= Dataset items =

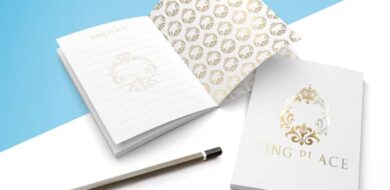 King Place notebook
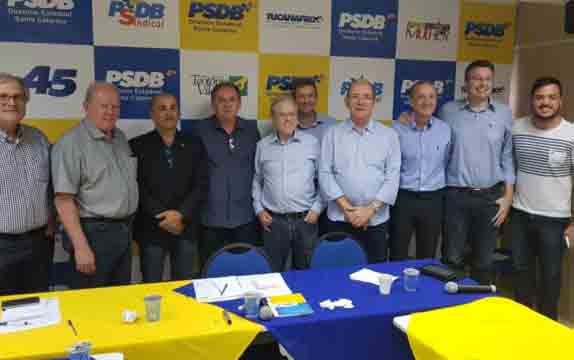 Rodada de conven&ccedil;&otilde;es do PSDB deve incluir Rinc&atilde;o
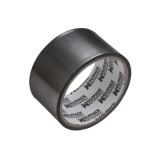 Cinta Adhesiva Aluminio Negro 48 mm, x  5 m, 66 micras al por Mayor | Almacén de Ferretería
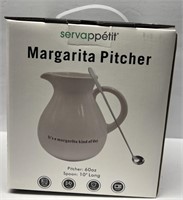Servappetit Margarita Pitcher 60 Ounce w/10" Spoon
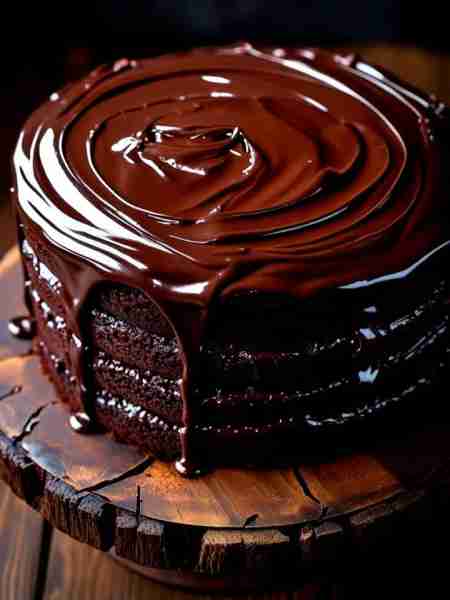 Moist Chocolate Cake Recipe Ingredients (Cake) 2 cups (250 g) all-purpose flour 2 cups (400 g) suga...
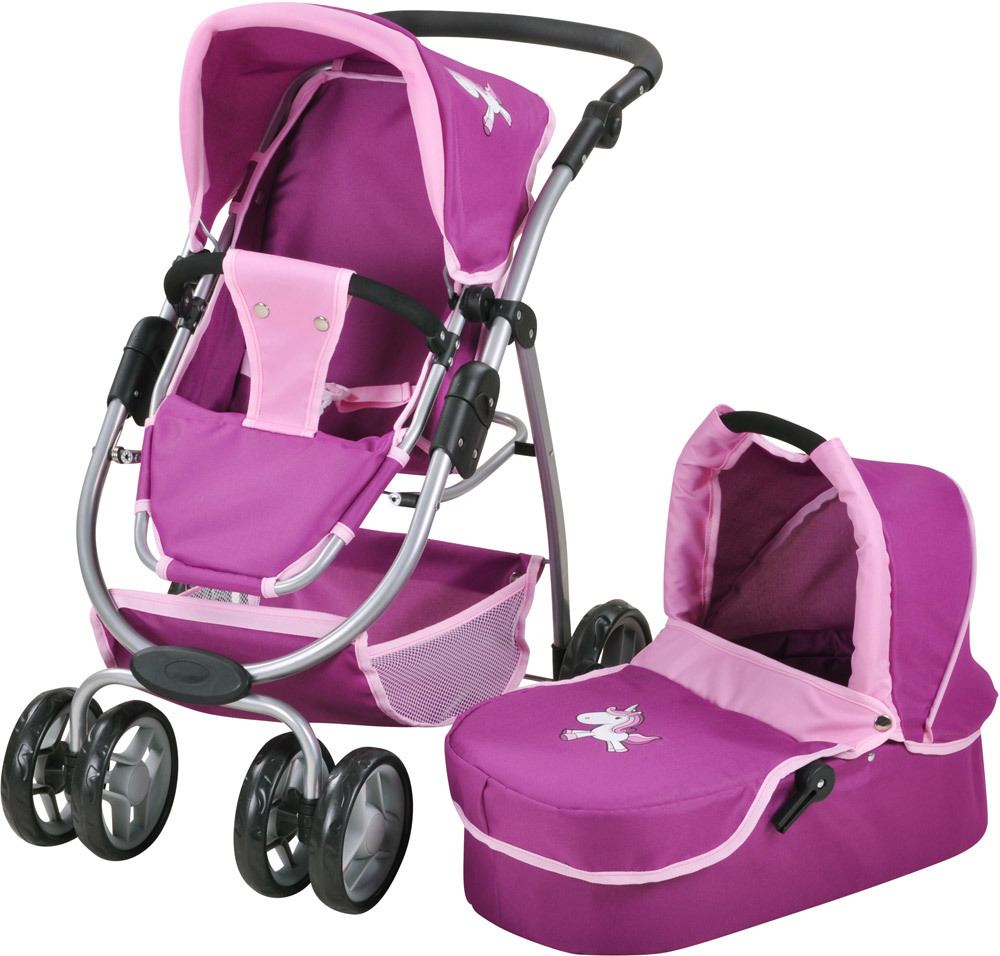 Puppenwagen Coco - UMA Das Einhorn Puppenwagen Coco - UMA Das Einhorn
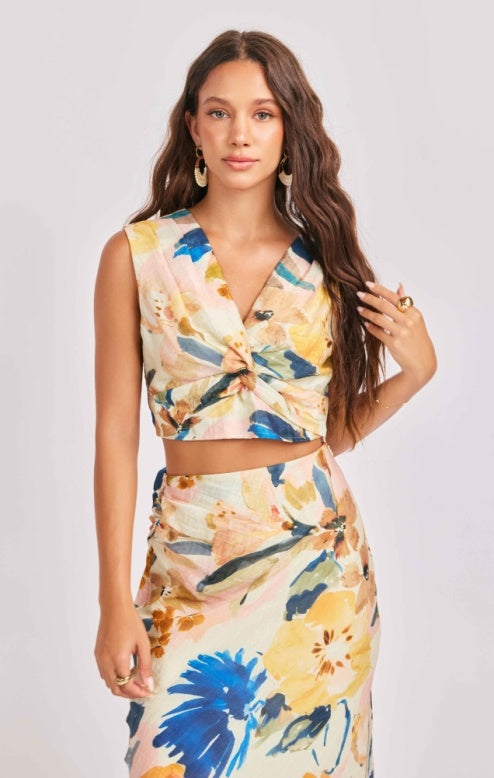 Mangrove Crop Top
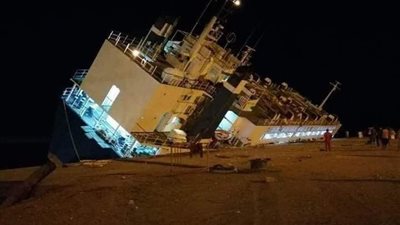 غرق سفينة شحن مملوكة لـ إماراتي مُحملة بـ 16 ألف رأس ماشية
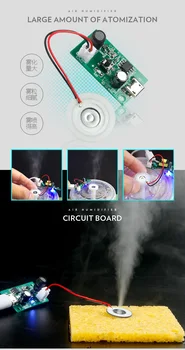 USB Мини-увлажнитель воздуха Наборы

...

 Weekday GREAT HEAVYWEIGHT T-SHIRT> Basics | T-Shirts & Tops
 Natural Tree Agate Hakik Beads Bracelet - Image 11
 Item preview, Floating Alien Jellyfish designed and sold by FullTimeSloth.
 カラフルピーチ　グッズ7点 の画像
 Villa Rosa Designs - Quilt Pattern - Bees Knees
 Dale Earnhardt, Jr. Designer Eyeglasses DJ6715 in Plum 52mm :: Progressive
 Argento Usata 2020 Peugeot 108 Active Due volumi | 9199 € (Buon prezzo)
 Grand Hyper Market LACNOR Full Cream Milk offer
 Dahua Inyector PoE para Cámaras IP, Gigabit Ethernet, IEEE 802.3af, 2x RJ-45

= What is required =
Using the data above, reproduce exactly the lines from the line that contains "カラフルピーチ　グッズ7点 の画像" through the line that contains "Grand Hyper Market", including both.

= Response to this task =
 カラフルピーチ　グッズ7点 の画像
 Villa Rosa Designs - Quilt Pattern - Bees Knees
 Dale Earnhardt, Jr. Designer Eyeglasses DJ6715 in Plum 52mm :: Progressive
 Argento Usata 2020 Peugeot 108 Active Due volumi | 9199 € (Buon prezzo)
 Grand Hyper Market LACNOR Full Cream Milk offer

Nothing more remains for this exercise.